Extract the final stretch of the data: the line that contains "men and women." and every line after it, unaltered, and no other lines.
*** Available data Section Begins ***
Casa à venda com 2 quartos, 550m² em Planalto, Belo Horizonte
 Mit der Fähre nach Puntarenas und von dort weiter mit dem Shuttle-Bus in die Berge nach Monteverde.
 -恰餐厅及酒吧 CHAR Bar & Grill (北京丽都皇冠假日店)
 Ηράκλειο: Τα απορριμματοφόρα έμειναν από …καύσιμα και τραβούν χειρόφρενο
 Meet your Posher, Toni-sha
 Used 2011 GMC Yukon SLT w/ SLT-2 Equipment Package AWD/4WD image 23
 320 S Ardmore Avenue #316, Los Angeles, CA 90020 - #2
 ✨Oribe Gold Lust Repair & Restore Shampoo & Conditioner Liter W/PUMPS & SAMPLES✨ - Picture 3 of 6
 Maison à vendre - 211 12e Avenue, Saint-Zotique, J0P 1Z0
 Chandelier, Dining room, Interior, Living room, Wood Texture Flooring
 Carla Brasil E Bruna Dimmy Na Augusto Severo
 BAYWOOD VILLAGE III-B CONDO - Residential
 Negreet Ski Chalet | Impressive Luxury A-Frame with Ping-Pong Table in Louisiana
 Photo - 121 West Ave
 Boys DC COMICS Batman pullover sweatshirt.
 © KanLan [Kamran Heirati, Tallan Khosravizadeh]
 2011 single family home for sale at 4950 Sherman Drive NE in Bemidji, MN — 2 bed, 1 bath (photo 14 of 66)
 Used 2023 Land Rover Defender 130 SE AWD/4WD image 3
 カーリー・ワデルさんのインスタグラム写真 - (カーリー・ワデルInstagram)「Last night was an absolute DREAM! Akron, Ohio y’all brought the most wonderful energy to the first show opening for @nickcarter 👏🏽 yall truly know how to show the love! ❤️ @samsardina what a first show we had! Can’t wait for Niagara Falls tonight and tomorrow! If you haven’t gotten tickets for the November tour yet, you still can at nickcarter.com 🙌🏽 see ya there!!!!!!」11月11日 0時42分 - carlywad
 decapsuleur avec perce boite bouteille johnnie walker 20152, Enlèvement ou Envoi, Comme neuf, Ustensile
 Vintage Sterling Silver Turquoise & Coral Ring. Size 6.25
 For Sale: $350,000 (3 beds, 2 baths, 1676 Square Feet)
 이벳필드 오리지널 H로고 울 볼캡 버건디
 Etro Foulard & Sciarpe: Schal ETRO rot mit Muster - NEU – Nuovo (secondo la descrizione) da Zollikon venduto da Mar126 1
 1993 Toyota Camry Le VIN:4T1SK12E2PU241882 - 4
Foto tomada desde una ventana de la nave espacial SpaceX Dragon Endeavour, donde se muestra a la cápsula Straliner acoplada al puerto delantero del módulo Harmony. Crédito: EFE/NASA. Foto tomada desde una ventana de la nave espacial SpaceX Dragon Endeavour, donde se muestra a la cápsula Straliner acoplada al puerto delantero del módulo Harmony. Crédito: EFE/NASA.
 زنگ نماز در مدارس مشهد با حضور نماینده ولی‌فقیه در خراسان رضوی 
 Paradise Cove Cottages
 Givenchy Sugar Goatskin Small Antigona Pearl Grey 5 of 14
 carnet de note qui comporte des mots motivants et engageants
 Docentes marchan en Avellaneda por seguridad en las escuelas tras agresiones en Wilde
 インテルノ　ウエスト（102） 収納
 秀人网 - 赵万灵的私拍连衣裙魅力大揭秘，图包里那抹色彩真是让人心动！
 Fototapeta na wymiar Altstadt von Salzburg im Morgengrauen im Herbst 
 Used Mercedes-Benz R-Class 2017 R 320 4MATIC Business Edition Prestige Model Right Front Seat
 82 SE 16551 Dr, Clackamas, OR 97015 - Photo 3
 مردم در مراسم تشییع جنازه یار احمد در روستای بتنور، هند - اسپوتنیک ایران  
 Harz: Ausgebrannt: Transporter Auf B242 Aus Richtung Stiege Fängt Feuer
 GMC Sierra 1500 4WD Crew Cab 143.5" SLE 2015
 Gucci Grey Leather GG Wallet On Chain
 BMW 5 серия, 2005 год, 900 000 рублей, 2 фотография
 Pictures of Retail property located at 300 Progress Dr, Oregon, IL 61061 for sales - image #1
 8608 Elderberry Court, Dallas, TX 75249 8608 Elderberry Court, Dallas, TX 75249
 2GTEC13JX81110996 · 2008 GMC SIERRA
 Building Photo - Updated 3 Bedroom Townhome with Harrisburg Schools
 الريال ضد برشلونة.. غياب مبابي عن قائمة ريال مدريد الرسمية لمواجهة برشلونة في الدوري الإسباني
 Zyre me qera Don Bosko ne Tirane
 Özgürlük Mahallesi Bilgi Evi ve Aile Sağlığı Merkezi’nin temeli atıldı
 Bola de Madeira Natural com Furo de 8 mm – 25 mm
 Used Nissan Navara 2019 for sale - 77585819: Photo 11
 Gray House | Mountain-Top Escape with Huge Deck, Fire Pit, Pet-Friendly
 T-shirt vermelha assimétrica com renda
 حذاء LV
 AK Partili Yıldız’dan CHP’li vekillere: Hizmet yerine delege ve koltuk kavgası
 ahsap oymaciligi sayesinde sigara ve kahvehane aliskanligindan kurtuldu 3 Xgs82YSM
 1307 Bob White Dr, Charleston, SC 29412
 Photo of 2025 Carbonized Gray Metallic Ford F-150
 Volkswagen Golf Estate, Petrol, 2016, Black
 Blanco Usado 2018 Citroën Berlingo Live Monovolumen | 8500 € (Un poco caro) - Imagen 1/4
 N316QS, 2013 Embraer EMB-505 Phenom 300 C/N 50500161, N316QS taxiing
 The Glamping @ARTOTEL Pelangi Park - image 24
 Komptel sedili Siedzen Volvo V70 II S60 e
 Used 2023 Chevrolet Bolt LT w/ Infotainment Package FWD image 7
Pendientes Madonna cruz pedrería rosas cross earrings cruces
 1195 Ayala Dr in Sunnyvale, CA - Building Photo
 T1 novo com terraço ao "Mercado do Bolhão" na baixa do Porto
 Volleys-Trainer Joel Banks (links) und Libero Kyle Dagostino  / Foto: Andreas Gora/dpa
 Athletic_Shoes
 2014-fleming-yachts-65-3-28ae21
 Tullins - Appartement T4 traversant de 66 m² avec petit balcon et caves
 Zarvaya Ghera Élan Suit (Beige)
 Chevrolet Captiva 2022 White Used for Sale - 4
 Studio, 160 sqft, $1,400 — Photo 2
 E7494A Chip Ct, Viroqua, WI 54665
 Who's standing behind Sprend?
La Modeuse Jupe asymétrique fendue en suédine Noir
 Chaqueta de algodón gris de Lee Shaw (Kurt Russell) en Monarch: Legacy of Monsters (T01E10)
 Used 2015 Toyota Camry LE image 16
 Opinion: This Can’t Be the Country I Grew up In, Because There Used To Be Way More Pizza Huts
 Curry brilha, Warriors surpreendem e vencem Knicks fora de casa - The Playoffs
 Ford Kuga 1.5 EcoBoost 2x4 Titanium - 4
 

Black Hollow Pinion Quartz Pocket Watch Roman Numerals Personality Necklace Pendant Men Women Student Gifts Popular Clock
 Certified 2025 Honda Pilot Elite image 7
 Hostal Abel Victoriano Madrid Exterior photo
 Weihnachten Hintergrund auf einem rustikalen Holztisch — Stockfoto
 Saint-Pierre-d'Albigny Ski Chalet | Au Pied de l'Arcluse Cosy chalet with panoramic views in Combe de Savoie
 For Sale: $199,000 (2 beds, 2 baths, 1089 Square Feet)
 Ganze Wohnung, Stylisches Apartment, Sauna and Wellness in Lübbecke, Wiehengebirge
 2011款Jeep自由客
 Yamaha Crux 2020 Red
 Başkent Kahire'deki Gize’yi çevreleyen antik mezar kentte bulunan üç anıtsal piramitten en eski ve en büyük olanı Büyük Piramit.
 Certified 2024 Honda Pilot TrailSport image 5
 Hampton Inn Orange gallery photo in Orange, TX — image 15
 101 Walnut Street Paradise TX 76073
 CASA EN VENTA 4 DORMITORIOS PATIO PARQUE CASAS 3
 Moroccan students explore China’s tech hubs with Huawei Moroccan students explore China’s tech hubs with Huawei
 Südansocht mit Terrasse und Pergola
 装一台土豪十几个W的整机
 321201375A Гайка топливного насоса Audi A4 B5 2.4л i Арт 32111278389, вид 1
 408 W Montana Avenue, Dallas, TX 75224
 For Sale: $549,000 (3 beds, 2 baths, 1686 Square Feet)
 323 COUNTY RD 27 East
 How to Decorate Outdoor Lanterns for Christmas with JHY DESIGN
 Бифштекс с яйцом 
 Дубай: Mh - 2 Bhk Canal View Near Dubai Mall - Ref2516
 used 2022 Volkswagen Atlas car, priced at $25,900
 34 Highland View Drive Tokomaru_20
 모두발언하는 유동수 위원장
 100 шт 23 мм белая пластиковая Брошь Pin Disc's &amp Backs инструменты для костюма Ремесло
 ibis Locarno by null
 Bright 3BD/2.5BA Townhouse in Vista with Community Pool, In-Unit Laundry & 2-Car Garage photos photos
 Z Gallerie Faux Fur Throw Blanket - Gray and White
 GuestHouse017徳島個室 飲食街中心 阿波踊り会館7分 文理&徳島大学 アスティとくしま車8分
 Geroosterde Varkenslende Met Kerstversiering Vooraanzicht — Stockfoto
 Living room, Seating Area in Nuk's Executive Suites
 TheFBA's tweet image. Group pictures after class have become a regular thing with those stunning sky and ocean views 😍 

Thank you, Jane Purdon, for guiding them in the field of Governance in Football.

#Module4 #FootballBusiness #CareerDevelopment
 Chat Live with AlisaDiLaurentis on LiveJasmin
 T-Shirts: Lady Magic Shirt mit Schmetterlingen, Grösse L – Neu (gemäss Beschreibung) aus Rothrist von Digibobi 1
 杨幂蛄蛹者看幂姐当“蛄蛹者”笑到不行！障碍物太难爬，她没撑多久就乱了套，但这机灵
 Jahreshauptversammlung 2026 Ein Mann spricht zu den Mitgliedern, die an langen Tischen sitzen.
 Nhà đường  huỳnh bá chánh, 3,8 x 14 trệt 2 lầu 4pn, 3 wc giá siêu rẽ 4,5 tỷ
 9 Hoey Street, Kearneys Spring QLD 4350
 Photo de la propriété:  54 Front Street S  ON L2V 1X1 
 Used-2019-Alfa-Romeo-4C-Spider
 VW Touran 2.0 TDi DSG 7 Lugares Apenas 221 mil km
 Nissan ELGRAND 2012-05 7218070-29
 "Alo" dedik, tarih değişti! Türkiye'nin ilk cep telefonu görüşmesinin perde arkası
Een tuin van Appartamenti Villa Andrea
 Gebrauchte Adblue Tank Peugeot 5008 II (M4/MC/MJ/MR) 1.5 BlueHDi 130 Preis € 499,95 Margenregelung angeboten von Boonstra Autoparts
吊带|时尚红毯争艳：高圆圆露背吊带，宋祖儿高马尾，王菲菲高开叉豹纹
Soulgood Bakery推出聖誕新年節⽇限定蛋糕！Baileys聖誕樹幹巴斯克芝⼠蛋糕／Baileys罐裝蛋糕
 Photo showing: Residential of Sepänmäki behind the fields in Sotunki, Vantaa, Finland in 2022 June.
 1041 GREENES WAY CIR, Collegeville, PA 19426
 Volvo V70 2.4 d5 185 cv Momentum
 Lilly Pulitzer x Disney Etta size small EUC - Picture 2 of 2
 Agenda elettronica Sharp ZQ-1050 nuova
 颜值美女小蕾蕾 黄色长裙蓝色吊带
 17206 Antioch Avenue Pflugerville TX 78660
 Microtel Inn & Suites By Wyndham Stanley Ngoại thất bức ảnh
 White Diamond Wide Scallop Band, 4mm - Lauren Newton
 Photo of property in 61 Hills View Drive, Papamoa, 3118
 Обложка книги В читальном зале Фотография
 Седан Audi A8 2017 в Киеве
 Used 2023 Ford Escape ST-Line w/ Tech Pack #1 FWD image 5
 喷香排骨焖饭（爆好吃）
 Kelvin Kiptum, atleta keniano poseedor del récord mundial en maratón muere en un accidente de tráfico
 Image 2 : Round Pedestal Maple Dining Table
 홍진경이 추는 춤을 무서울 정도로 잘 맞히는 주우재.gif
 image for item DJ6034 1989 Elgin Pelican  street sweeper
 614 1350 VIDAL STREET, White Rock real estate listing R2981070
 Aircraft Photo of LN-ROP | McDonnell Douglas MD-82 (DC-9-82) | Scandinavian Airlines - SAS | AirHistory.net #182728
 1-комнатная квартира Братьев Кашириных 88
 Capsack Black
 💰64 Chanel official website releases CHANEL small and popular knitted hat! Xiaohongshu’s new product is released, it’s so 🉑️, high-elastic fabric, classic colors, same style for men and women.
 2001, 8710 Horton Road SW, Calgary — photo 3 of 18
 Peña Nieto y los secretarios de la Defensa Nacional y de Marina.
*** Available data Section Ends ***
> **Output below**
 💰64 Chanel official website releases CHANEL small and popular knitted hat! Xiaohongshu’s new product is released, it’s so 🉑️, high-elastic fabric, classic colors, same style for men and women.
 2001, 8710 Horton Road SW, Calgary — photo 3 of 18
 Peña Nieto y los secretarios de la Defensa Nacional y de Marina.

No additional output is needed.